Teknik anlamdaki kuvvetin yanında hoşuma giden bir detayı daha paylaşmak istiyorum. Artık görev esnasında müzik çalıyor. Bahsettiğim radyo müziği değil. Oyun için bestelenen, göreve uygun müzikler çalıyor. Konsepte inanılmaz yakışan bu müzikler, bir soygun görevi öncesinde sizi anında havaya sokuyor. Seri adına olması gereken bir gelişme sonunda GTA 5’te gerçekleşmiş. 
Müzik demişken radyo kanallarının da taş gibi yerinde durduğunu söylemeliyim. Sayıları artmış ve müzik çeşitliliği de inanılmaz iyi. Yani aslında bir sürpriz yok, her şey olması gerektiği gibi, GTA kalitesinde.

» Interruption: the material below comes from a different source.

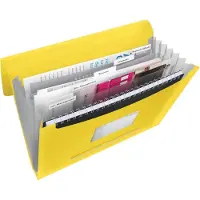 Esselte Fächermappe VIVIDA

GTA 5’in üst düzey bir yapım olduğu şüphe götürmez bir gerçek. (Her ne kadar bizim ofiste aksini düşünenler olsa da.:)) Ancak bazı konularda beni üzdüğünü yazı içerisinde hissetmişsinizdir. Özellikle GTA 4 ile beraber gelen görev kalitesindeki bu bir adımlık geriye gidiş ve tempo kaybı beni GTA 5 adına en çok üzen durum oldu. Fakat açık dünya oyunu olarak ele alındığında ‘manyaklık’ derecesindeki detaylılığıyla GTA 5 gibi bir oyun, kaçırılmaması gereken nadide bir çiçeğe dönüşüyor. Michael, Trevor, Franklin bahane, GTA 5 şahane sevgili okurlar. Oyun dünyasında az rastlanır bu yapımı denemeden es geçmeyin, bir oyuncunun ucundan da olsa muhakkak oynaması gereken bu yapımı kaçırmayın.